Comedies -- those plays where despite the mess everything wraps up with the promise of procreation and prosperity -- would seem to be the perfect stuff for suburban street names. But where are Benedict and Beatrice? In fact, there’s no one from Much Ado About Nothing, or Alls Well That Ends Well, or Measure for Measure, or The Winter’s Tale...

The fact is, there’s some highly marginal characters immortalized in white on green while the eponymous characters from Timon of Athens, Coriolanus, Pericles, Titus Andronicus, Cymbeline and Antony and Cleopatra are snubbed.

If there was a Henry Crescent, it would knock off no less than seven of the History plays.

You could name the streets of a decent sized town with Stratford’s glaring omissions. Inglewood, are you listening?

So while I commend whatever generation of Stratfordians it was that themed their street names, it does feel like half of a good job.

And it leaves me to wonder what other writers might one day have their characters (and the odd setting / biographical detail) turn up on street signs.

Humbert Road, Lolita Street, Pnin Place, Krug Crescent, Shade Street, Kinbote Way, Ada Avenue, Van Alley, Fyodor Drive, Luzhin Lane, Cincinnatus Court…
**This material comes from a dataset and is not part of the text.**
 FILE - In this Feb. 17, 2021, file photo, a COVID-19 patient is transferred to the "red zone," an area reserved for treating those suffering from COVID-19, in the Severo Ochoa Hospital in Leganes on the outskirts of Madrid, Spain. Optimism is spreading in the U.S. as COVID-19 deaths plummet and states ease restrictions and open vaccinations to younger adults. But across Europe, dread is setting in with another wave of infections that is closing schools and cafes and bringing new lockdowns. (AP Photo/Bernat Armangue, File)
Pilgrim Place, Trout Terrace, Rosewater Boulevard, Karabekian Close, Kazak Trail, Hoenikker Highway, Bokonon Bypass, Monzano Mall, Wilbur Daffodil-11 Swain Street…

Yossarian Way, Dunbar Road, Aarfy Ave, Cathcart Court, Daneeka Drive, Orr Terrace, Minderbiner Parkway, Nately Place, —— de Coverley Square, Major Road, Dreedle Crescent, Hungry Joe Lane…



Even when crowbarred into real life, literature still manages to delight (me at least).


Monday, August 3, 2009

Two Seats And The Sea


I've been in New Plymouth the last few days. Back now. Working on a more substantial post for tomorrow. It will be called "Drive-by Shakespeare".

What I'm Reading: 'The Savage Detectives' by Roberto Bolaño. In addtion to travel and job hunting, I blame this book for my lack of posts the last week or so. Not sure if I'm struggling through it or savouring it. I would like to have a version in the original Spanish to compare and contrast (though I doubt my Spanish is good enough to detect things like tone).

I've been to three pet stores (two in Palmy, one in New Plymouth). Research for a short story. Until the story is written I will feel compelled to visit every pet store I see.